I’ve mentioned before the power photographs have in selling your horses, lesson program and training services. The evolution of digital photography has made taking photographs simple, inexpensive and lighting fast.
I know what a sliding stop is but don’t ask me to explain an f-stop. If you’re a novice photographer like me, you can point and shoot and get electronic images with ease. And if you’re also like me, the process of sending images (photos) via e-mail and posting them to your website is, pardon the pun, out of focus.
Sometimes, the images are gigantic on my computer screen as if I switched on microscope mode. Where did my horse go? There is just a gigantic eyeball staring at me.
Other times, when I want to e-mail a set of photos, the transmission of the e-mail with attached images takes so long I can go out for breakfast and return before the transmission finishes.
A call to my friend Eric Grapengeter in Colorado, a horseman and technical expert with computers, helped demystify the management of photos (digital images). We talked for over an hour about digital images and how to work with them. Here is the skinny version of what he told me.
Photos direct from the camera are highly detailed which gives them the high resolution required for printing. But, high resolution photos are a curse for displaying images on a computer screen. They load at the speed of dark; it takes forever. And forever on a computer screen is over four seconds.

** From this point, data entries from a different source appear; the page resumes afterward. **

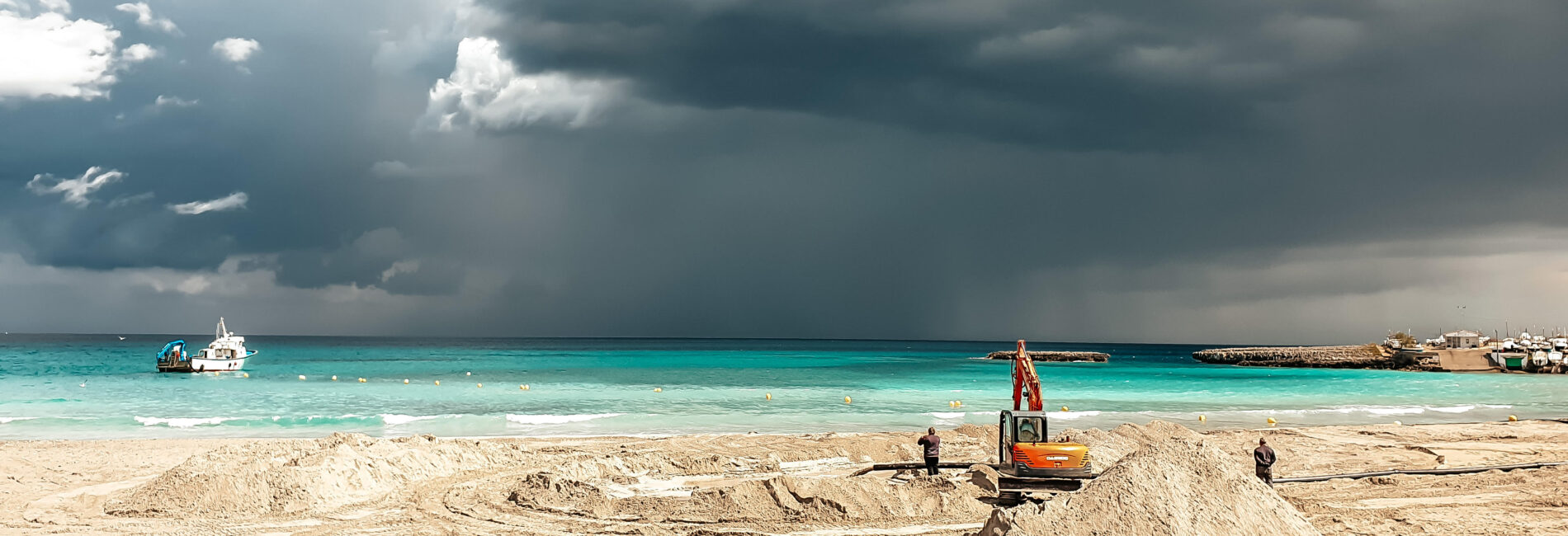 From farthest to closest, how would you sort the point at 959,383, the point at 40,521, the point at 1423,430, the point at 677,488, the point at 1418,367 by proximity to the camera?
the point at 1418,367 → the point at 959,383 → the point at 1423,430 → the point at 677,488 → the point at 40,521

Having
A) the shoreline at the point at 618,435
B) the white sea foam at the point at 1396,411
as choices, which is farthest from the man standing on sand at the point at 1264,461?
the white sea foam at the point at 1396,411

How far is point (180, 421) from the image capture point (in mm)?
32656

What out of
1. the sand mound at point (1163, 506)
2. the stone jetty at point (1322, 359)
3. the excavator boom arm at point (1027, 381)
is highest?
the excavator boom arm at point (1027, 381)

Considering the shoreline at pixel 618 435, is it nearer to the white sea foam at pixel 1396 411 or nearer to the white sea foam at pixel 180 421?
the white sea foam at pixel 1396 411

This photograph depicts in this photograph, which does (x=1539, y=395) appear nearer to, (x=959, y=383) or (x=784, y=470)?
(x=959, y=383)

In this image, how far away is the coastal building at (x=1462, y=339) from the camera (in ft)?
401

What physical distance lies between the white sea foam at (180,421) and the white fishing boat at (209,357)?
3446 centimetres

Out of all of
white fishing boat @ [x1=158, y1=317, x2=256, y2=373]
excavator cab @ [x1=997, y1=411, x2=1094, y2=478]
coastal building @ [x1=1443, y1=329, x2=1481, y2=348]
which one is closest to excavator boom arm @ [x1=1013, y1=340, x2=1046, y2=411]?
excavator cab @ [x1=997, y1=411, x2=1094, y2=478]

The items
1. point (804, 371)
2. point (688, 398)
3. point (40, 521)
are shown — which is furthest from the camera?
point (804, 371)

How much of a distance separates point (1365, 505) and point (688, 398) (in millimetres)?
34558

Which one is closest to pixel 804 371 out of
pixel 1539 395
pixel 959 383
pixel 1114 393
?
pixel 959 383

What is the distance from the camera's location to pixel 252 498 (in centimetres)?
1586

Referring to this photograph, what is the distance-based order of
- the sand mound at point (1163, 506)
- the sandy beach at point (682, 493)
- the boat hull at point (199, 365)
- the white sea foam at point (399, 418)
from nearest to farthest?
the sand mound at point (1163, 506) < the sandy beach at point (682, 493) < the white sea foam at point (399, 418) < the boat hull at point (199, 365)

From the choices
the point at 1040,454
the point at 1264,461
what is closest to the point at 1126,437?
the point at 1264,461
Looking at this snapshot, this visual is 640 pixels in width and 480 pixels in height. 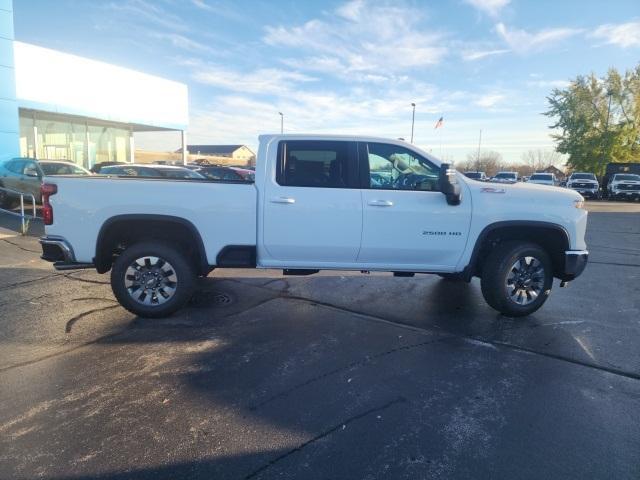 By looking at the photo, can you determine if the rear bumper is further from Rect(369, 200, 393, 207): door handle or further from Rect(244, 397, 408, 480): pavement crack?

Eric told me that the trick is to resize your photos from megabyte size down to 100 kilobytes (kb). By optimizing the photos in a .jpeg or .gif format, you’ve got an image that will load quickly on your website page or lighting fast as an e-mail attachment.
The steps are easy:
- Load your image of your horse, Flicka, into the software that came with your digital camera or other photo software you have.
- Find the resize option.
- Select inches (like 3″ x 5″) or pixels (like 800 x 600 pixels)
- Save as a new smaller file named “3x5__Flicka”.
- E-mail it to your prospect or send to your webmaster for loading on your site and you are done.
Eric warned me that the resizing process is time consuming if you are doing more than one photo. He runs an online tack store and uploads wagon loads of product photos. Being a geek, he wrote a resizing program to handle “batches of photos” more efficiently.
Later, being an astute business person, he found commercially available software for less than $20.00 to do his entire batch processing even better than his own program. Click here if you are interested in learning more about fast and simple photograph resizing on his website.
Use your photographs of horses, your facility, your clients and your events as a powerful sales tool for increasing profits.